Korea is in the depths of a recession caused by years of investment in a wide range of projects that never had much chance of paying off their costs.

The won has tumbled, corporate finances are in a precarious state and unemployment is at record-high levels. Surely those in work must be happy to have jobs at all.

But now look at the chart below. It shows that since 1990, the growth of labour productivity in Korea has steadily outpaced the rise in real wages, and has done so according to the latest figures, possibly by the highest margin on record.

Admittedly, the latest productivity figures are only up to December last year and later numbers will certainly show a decline. But real wages, estimated here for last year and the beginning of this year on the basis of nominal monthly wage earnings, will also be down further.

Contrary as these figures may seem to the widespread perception of Korean labour as strike-happy and over-indulged, these are the South Korean Government's own figures. It is time to hoist that government on them.

The official talk is all about belt-tightening but there is a well-known story that applies here. It is the one of the boy who cried wolf too often while tending a flock of sheep.

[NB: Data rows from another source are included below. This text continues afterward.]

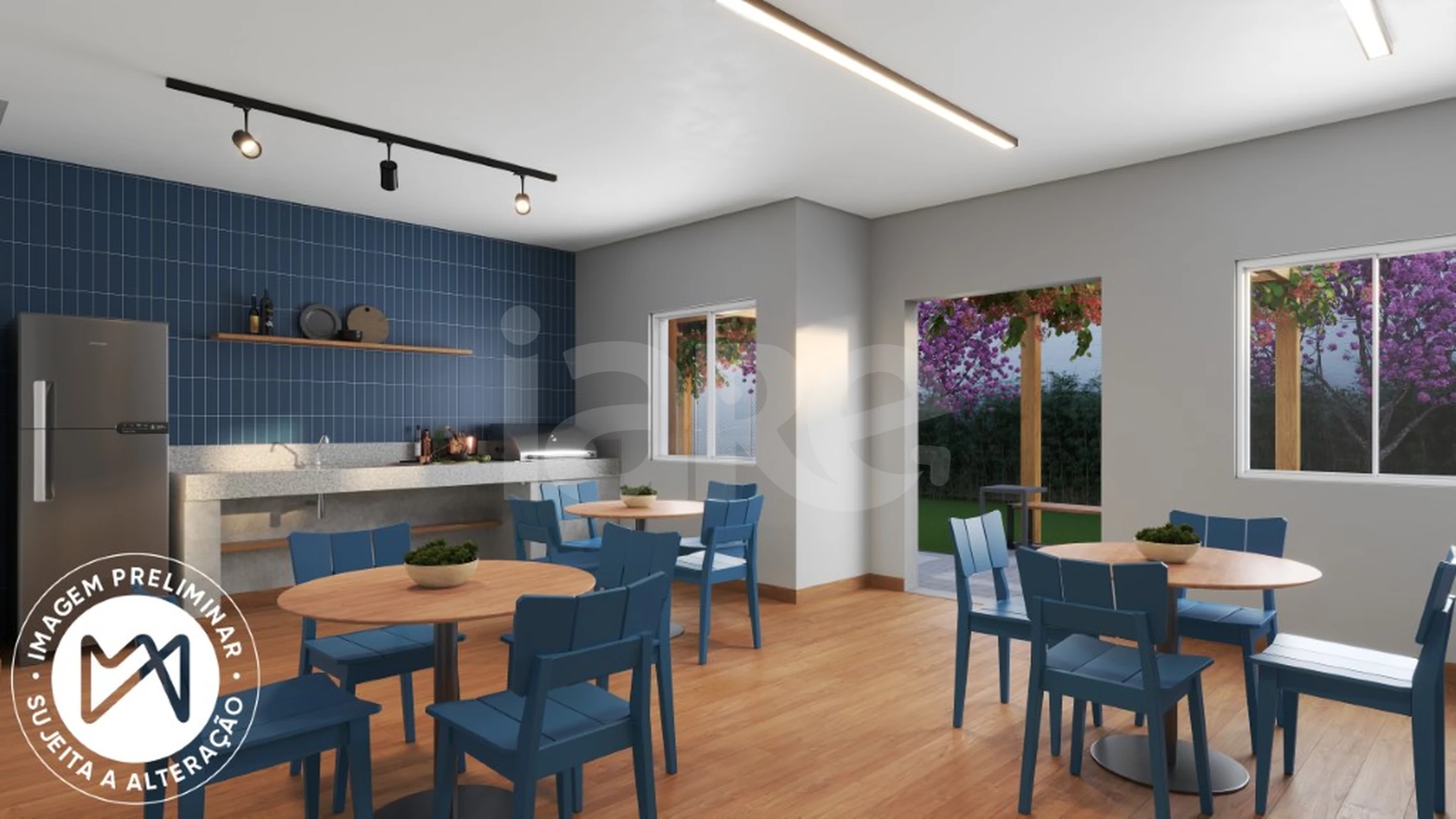 Mundo Apto Estação SP Morumbi - Apartamento com 25,2 m², em Butantã — foto 10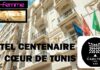 Centenaire de l’Hôtel Carlton Tunis (1926–2026) : Un siècle de mémoire, d’art et de prestige célébré au cœur de l’Avenue Bourguiba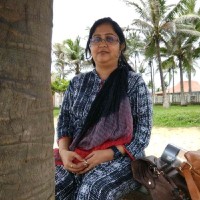 Srividhya B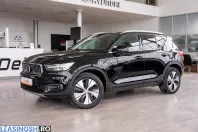 Volvo XC40 din 2020 cu 124.900 km - oferta VOL226884 - foto 3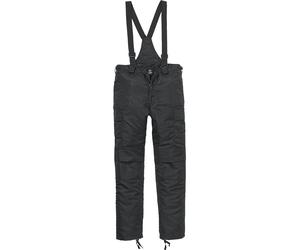 Brandit Pantalon fonctionnel noir, Taille M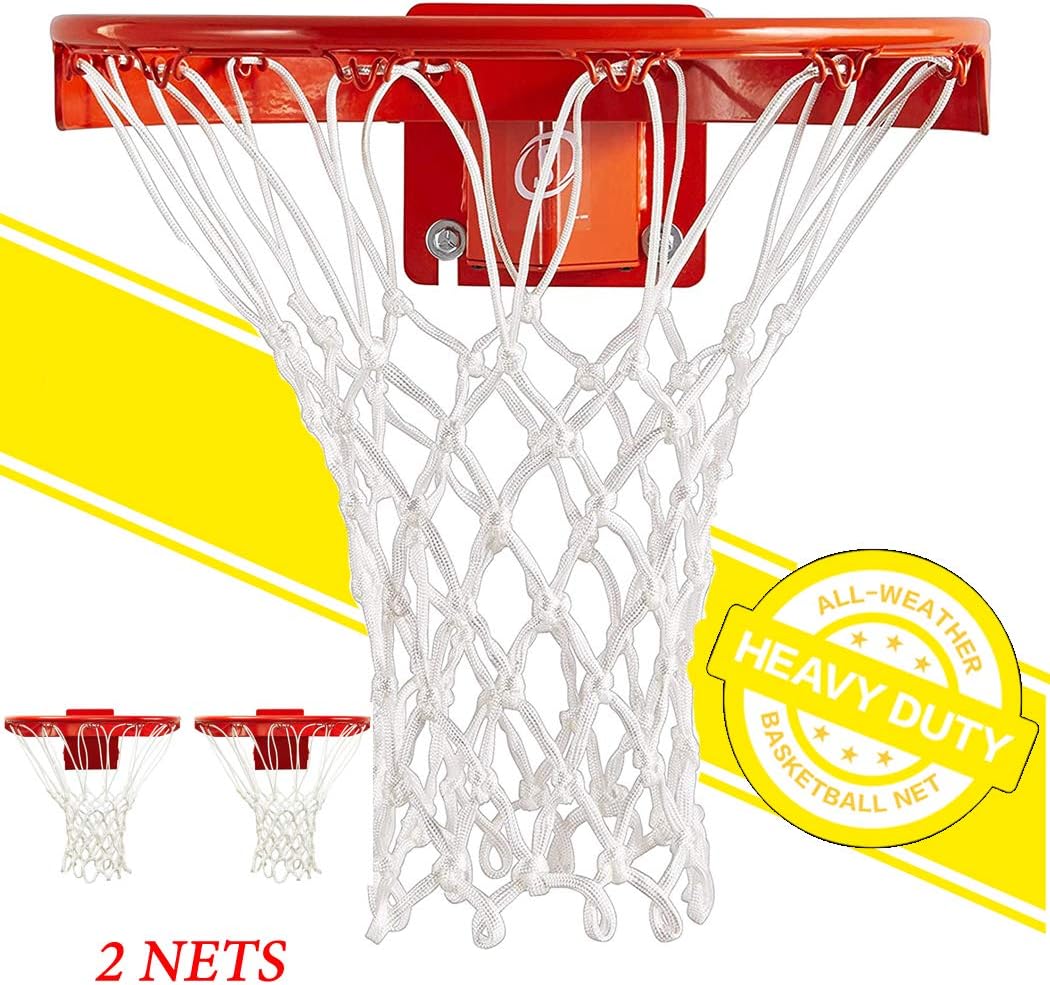 Free Amazon Promo Code 2020 for Professional Heavy Duty Basketball Net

Why should the workforce pay much heed to the Kim administration's pleas that they must tighten their belts when they have been told for as far back as they can remember that times are hard and they must all pull their belts in another notch? As the productivity figures attest, so far this decade Koreans produced more and accepted lower growth in real wages than the output increase.

What is more, they did it in working conditions that few would care to share. Only a few years ago, Hyundai's car plants in Ulsan were unheated and perhaps they still are.

In the middle of bitter Korean winters, employees were left to blow on their knuckles to limber them up enough for the job of bolting on the metalwork.

What wonderful job satisfaction this must give.

But their politicians only urged them to do even more in the cause of national pride.

They heeded these calls to the flag, trusting the leadership to steer them in the right direction and confident their patriotism would ultimately bring monetary reward.

Well, it has all gone wrong. South Korea has become an industrial power that can make almost anything any other industrial power can make except just one thing.

That one thing happens to be money. Korea's leaders in government and industry have the magic touch here. They have proved they can make money vanish.

And so there is reason for some sympathy with the wage slaves that will gather on the streets of the main industrial centres today.

They may be mad. They are also angry and they have some right to be. Their hard work has been betrayed.